Radosavovic I, Dollár P, Girshick R, et al. Data distillation: Towards omni-supervised learning[C]//Proceedings of the IEEE Conference on Computer Vision and Pattern Recognition. 2018: 4119-4128.

1. Overview

1.1. Motivation

  • Semi-supervised simulates labeled/unlabeled data (upper-bounded on full annotated data)
  • Omni-supervised exploits extra unlabeled data (lower-bounded on full annotated data)
  • Model distillation distills knowledge from the prediction of multiple model

In this paper

  • it proposed data distillation which ensembles prediction from multiple transformations of unlabeled data, using single model
  • Do experiments on keypoint detection and object detection

1.2. Knowledge Distillation

  1. Train teacher model on large amount of labeled data (A)
  2. Generate annotation on unlabeled data (B) based on teacher model
  3. Retrain student model on data (A+B)
  • Problem. training model on its own prediction can not provide meaningful information
  • Solution. ensembling the prediction of the different transformation of unlabeled data (flipping, scaling)
  • Ensemble multiple model, Model Compression
  • FitNet
  • Cross modal distillation
  • Multi-view geometry
  • Auto-encoder (multiple capsule)

  • Self-training can be used for training object detection

  • Multiple views or perturbations of the data can provide useful signal for semi-supervised learning
    The method of this paper are also based on multiple geometric ransformations.

2. Data Distillation


  1. Train teacher model on labeled data (A)
  2. Apply teacher model to multiple transformation of unlabeled data (B)
  3. Ensemble the multiple prediction to get annotation
  4. Retrain student model on data (A+B)

2.1. Multi-transform

  • multi-crop
  • multi-scale
    In the experiment of this paper, it used multi-scale and flipping.

2.2. Ensemble

  • Aggregated prediction generate new knowledge
  • Aggregated prediction outperform any single prediction

2.3. Ensemble way

2.3.1. Soft Label

  • average class probability
  • generate probability vector, not category label
  • not suitablefor structure output space (pose, detection)

2.3.2. Hard Label

  • need task specific logic (NMS for merging multiple box)

3. Detail of Pose Estimation

3.1. Selecting Prediction

Generate annotation only from the prediction that are above a certain score threshold.
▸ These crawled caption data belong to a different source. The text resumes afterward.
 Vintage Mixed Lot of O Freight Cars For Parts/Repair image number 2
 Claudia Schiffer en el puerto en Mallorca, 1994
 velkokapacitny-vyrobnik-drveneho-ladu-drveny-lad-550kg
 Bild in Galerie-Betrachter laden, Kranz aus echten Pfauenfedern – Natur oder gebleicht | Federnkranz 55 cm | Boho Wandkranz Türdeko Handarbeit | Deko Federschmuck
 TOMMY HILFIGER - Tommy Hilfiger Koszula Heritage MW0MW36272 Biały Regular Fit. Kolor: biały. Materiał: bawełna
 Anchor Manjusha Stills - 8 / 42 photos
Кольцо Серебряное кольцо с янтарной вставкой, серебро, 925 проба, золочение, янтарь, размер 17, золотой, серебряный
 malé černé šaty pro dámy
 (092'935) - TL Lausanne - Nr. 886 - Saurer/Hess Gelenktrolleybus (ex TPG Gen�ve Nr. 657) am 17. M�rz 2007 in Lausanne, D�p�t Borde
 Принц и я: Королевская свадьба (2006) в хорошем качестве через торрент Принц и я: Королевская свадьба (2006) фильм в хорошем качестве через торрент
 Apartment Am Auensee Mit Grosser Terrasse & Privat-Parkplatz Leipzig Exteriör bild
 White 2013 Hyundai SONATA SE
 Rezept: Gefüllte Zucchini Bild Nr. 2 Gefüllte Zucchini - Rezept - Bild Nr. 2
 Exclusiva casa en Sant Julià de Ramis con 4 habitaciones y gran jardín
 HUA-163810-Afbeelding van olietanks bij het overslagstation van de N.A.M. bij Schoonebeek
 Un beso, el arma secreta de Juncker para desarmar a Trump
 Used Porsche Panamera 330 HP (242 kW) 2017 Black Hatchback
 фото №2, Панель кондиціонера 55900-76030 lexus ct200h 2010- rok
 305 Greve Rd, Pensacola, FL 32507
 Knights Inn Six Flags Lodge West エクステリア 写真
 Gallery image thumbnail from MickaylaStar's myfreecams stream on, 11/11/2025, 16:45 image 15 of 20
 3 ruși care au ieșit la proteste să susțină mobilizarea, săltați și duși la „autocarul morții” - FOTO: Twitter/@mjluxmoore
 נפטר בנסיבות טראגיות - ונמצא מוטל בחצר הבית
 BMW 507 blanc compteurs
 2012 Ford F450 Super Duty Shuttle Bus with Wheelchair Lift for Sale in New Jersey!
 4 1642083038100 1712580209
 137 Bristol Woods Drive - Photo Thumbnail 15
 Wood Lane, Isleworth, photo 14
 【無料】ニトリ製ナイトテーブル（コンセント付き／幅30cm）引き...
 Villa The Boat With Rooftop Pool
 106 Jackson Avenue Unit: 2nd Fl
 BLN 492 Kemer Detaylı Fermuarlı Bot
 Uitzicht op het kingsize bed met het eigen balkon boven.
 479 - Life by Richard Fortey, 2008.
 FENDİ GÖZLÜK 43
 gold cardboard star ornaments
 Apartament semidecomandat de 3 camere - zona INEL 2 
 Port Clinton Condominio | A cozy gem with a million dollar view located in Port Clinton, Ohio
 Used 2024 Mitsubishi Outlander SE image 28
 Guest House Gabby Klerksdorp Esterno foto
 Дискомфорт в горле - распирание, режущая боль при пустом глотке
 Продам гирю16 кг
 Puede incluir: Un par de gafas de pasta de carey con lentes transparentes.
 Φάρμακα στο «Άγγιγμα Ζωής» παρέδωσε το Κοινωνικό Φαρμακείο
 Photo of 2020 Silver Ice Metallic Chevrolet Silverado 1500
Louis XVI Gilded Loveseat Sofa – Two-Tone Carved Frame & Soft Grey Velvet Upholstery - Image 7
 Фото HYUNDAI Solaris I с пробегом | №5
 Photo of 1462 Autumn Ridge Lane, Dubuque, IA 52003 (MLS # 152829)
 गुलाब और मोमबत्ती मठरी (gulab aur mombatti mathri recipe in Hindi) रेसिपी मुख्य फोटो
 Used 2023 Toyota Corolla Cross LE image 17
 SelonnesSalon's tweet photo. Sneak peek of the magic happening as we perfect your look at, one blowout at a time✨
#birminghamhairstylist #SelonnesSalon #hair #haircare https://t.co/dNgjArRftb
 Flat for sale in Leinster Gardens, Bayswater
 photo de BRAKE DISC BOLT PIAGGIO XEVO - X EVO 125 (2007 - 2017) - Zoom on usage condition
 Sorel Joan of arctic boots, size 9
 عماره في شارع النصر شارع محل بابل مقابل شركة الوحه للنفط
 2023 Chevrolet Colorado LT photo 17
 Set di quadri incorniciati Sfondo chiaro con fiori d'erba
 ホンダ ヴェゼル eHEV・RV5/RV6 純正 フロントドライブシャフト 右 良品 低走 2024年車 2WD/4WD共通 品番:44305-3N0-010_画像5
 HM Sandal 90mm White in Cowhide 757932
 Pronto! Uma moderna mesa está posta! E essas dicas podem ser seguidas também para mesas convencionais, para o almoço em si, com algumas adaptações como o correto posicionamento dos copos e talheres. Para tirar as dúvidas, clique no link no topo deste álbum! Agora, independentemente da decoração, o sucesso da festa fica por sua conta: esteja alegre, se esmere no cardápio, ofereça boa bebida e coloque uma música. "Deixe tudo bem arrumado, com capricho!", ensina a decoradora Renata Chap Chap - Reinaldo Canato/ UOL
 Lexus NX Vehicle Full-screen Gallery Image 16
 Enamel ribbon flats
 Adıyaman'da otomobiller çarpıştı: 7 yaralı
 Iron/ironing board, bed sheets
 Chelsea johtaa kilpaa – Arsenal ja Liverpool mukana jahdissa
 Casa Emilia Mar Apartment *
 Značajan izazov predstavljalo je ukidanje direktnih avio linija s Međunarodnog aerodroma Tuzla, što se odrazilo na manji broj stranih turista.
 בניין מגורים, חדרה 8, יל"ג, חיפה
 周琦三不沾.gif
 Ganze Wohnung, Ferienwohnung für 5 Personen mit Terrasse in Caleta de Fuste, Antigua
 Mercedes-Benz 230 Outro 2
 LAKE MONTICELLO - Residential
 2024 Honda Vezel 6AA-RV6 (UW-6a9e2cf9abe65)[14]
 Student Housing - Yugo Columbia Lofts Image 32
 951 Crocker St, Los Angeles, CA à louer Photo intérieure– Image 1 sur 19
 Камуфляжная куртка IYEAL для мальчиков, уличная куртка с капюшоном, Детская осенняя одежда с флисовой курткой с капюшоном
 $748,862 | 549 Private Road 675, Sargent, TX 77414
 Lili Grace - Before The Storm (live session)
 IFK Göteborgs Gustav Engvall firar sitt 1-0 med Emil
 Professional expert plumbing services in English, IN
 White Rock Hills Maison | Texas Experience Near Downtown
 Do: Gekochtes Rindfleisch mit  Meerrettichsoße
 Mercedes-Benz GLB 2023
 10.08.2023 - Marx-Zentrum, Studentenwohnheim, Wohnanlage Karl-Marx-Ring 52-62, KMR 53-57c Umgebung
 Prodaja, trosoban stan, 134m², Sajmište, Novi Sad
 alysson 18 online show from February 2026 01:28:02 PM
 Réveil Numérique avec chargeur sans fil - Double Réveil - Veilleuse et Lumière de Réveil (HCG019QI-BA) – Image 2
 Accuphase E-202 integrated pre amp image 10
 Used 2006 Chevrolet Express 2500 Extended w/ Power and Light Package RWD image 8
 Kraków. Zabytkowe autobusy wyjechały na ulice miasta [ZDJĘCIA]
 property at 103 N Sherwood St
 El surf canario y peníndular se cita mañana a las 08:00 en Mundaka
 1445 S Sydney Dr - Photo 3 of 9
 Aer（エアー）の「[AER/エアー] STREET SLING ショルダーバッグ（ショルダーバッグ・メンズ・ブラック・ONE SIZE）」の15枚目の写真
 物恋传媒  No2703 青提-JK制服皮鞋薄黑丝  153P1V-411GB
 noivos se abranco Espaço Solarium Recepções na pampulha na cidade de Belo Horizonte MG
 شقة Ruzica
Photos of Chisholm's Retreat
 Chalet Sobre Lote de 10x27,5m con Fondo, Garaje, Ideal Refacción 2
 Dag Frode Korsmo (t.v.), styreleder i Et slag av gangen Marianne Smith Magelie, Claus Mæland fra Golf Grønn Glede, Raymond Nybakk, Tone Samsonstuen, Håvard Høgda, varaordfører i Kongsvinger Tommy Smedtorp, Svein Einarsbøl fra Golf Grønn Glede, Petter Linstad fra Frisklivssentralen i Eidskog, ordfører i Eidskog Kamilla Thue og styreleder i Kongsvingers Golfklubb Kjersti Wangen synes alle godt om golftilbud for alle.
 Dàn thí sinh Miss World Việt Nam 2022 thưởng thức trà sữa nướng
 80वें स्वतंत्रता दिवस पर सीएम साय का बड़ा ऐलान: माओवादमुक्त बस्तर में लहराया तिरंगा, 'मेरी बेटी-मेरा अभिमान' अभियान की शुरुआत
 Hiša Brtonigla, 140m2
And found that

  • the average number of annotated instances per unlabeled image equal to labeled image’s (similar distribution)
  • still work robust and well when not equal

3.2. Retraining

  • retraining is better than fine-tuning (which is in a poor optimum).

4. Experiments

4.1. Data split

  • co-80. labeled
  • co-35. labeled
  • co-115. co-80 + co-35
  • un-120. unlabeled
  • s1m-180 (sports-1M static frame). dissimilar distribution

4.2. Amount of Annotated Data

  • 1:ρ in minibach.

4.3. Accuracy of Teacher Model

4.4. Result